Theo Rodopoulos scite author profile

The interfaces formed at glassy carbon electrodes in three low-temperature ionic liquids (1-methyl-3ethylimidazolium chloride, emimCl; 1-methyl-3-butylimidazolium chloride, bmimCl; and 1-methyl-3hexylimidazolium chloride, hmimCl) were investigated by cyclic voltammetry and impedance spectroscopy. The potential dependence of the differential double layer capacitance was measured at several temperatures between 80 and 140 °C, and the temperature response was found to be broadly similar to that obtained with high-temperature molten salts. The differential capacitance/potential curves have a minimum and two side branches. The minimum corresponds to the point of zero charge.

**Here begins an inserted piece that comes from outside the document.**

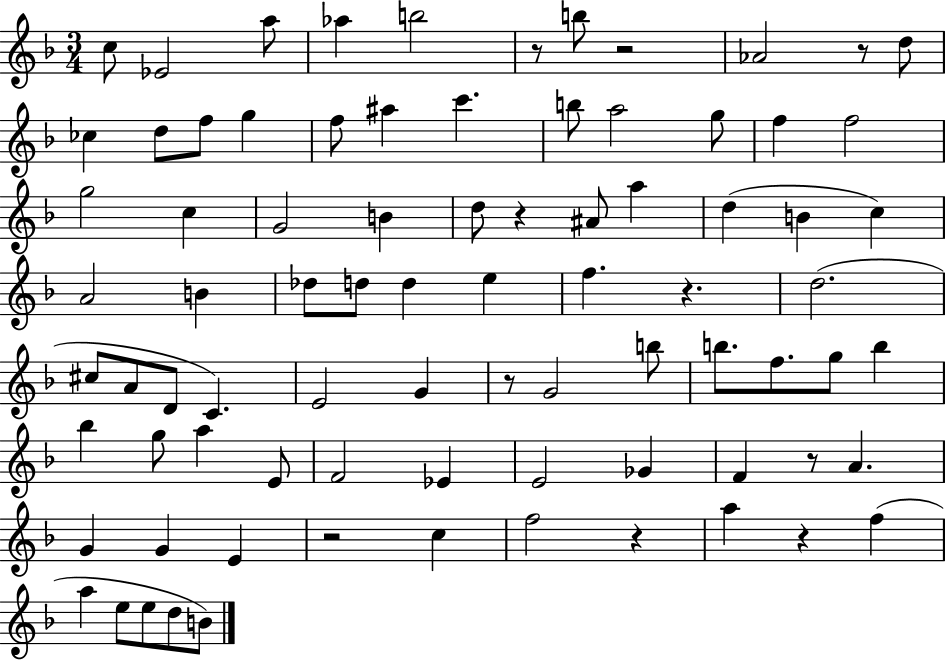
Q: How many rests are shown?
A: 10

The differential capacitance increases in the order hmimCl < bmimCl < emimCl because the double layer is thinner when imidazolium (Rmim) cations with shorter alkyl chain lengths are used. The impedance spectra and capacitance curves indicate that cations are adsorbed at the open-circuit potential and that their surface excess concentration increases with negative polarization. Adsorption of the cation becomes stronger as the length of the alkyl chain decreases. Adsorption of chloride anions occurs at positive potentials and is weakest with bmimCl. The increase in the differential capacitance with temperature is most probably due to ion association within the double layer, which diminishes as temperature increases. The electrochemical window narrows as the temperature increases but is almost unaffected by the length of the alkyl chain of the Rmim cation.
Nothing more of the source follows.